Dont quote me on this but I think you're supposed to stand him up next to a wall and measure max height from the withers. Which I think is the very tip top of the front leg shoulder blade bone. Dont measure from top of his head. 

I give my girl 3 cups of kibble a day with about a 1/4th serving of your standard sized wet food. She's on the smaller side, which I really like! Only 60lbs at a year now. Yours being DDR lineage I'm sure will be much larger at maturity. What others have said about ribs and what not is great advice. 
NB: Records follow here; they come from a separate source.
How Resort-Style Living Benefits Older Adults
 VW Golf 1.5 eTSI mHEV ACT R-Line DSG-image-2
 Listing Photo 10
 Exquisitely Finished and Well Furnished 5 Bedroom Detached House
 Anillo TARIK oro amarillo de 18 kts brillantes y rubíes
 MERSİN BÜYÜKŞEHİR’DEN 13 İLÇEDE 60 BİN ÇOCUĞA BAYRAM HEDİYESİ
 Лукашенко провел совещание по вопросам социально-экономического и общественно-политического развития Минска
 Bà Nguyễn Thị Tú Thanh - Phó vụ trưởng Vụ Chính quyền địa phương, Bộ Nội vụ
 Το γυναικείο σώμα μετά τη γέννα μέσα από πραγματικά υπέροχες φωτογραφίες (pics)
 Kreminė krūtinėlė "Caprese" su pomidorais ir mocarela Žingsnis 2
Hows his temperament? DDRs are so chill and relaxed. Nothing phases them!


----------



## Jenny720 (Nov 21, 2014)

He looks real good it’s kind of hard to see. Beautiful photos! The rule I think as mentioned to see or easily feel the last two ribs. Taking a photo at level and one standing above the dog to see the waist. Weight varies on height , confirmation , bone. My asl male a is 4 years old and is 84lbs or maybe even more very tall muscular he is neutered. He was 70lbs at seven months. Then weight to put on slowed down - it was 10lbs per month until then. I feed him three cups a day either Fromm or victor with toppers. My wgsl female is two years old 65lbs and eats the same. Both in great shape- my female still has the lanky teenage body. With almost two acres to run on daily which they do tire each other out on a daily steady basis and that is not including my outings which are not always daily. My ddr gsd had thick bone -massive giant head and yes he was super steady calm. he put on weight very easily and was intact his confirmation was different - more stockier type of gsd his healthy weight was 90lbs he could easily creep up and had to 100lb if not careful as he aged.


----------



## dojoson41 (Oct 14, 2018)

one very fine pup


----------



## McGloomy (Mar 13, 2018)

He's a big boy, but definitely not obese.


----------



## Elisabeth Ann Parent (Dec 1, 2016)

I would not say obese but I do think he looks a tad heavy. 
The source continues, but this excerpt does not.